Short web captions:
⁂

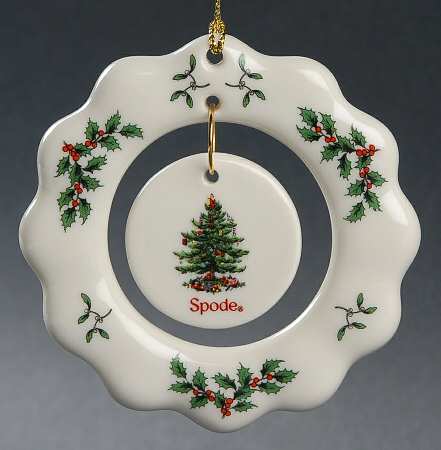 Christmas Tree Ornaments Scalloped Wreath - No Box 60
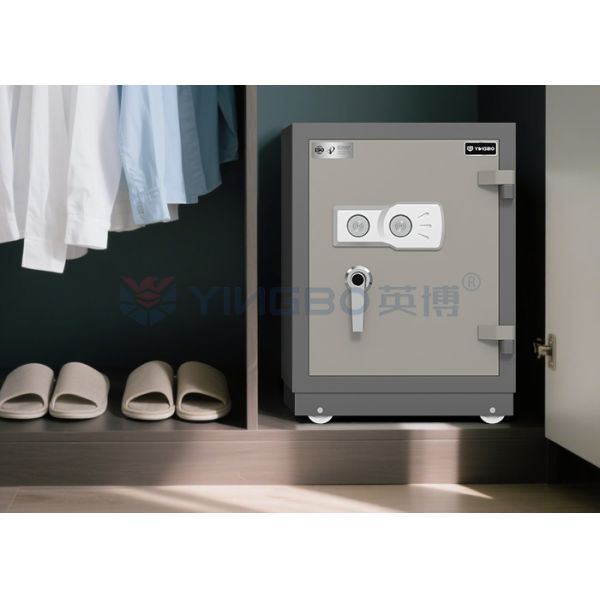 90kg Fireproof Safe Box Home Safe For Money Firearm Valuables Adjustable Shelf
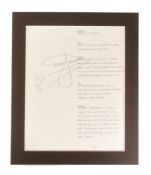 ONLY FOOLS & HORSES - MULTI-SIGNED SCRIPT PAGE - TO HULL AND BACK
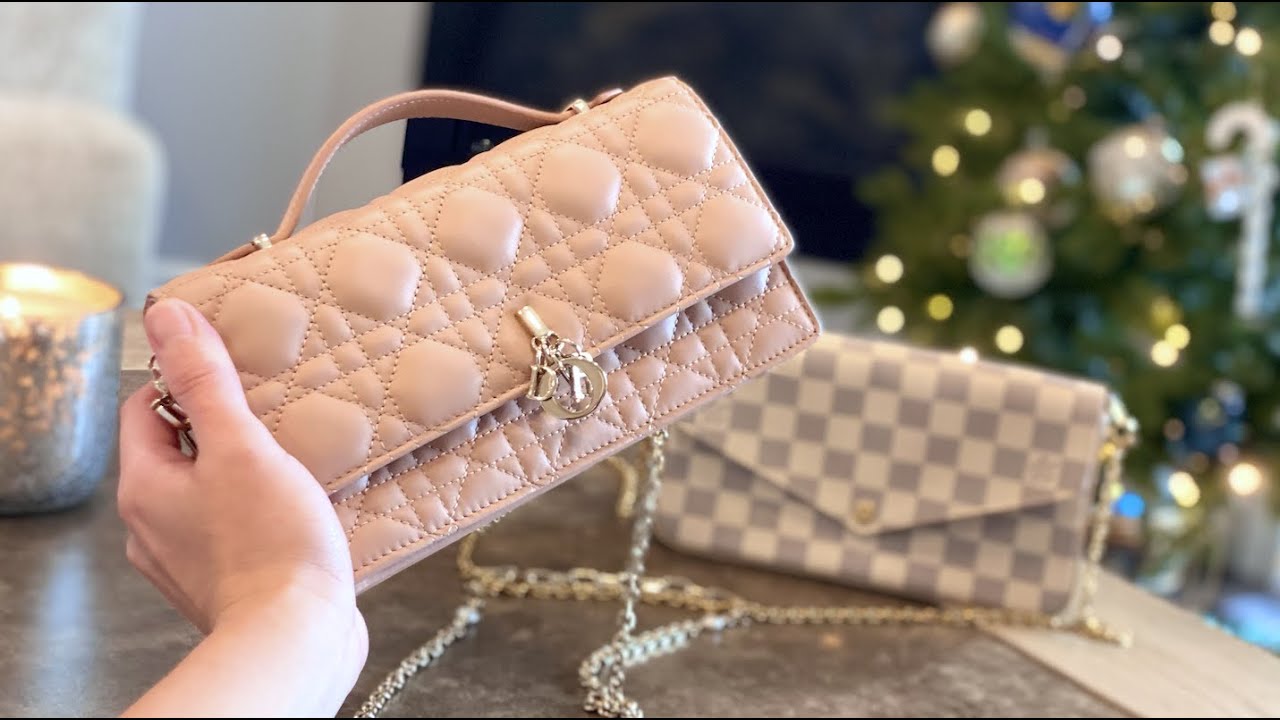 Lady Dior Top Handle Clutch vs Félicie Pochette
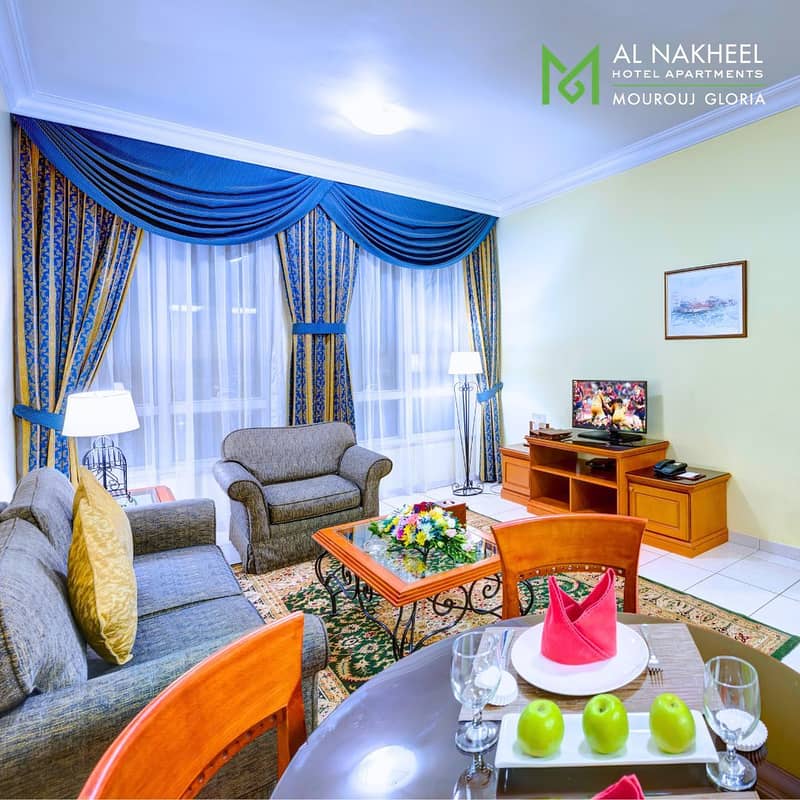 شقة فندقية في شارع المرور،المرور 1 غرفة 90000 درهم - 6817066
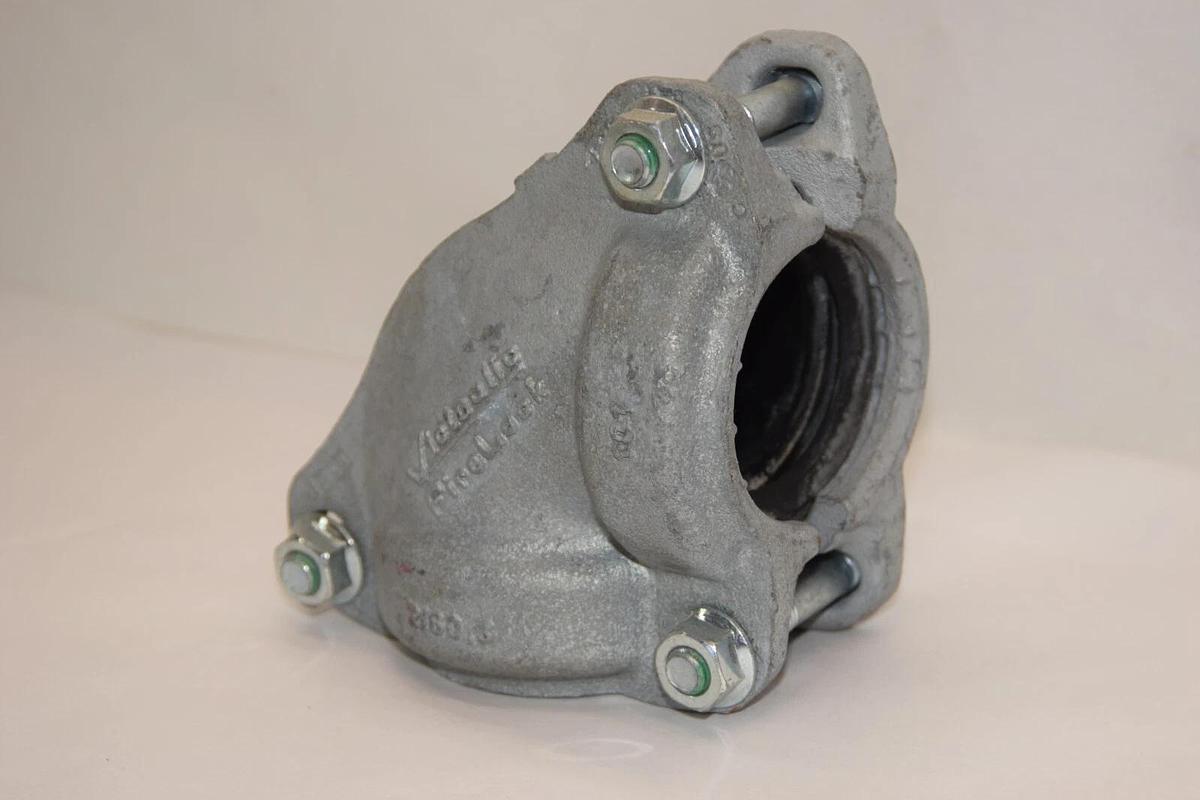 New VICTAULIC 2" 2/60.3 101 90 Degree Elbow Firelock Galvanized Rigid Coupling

⁂

§ **What you are asked to do**
Exactly the lines from the one that contains "90kg Fireproof Safe" to the last line of the data, both included, should be set down, and no pictures should appear among them.

§ **Task output**
 90kg Fireproof Safe Box Home Safe For Money Firearm Valuables Adjustable Shelf
 ONLY FOOLS & HORSES - MULTI-SIGNED SCRIPT PAGE - TO HULL AND BACK
 Lady Dior Top Handle Clutch vs Félicie Pochette
 شقة فندقية في شارع المرور،المرور 1 غرفة 90000 درهم - 6817066
 New VICTAULIC 2" 2/60.3 101 90 Degree Elbow Firelock Galvanized Rigid Coupling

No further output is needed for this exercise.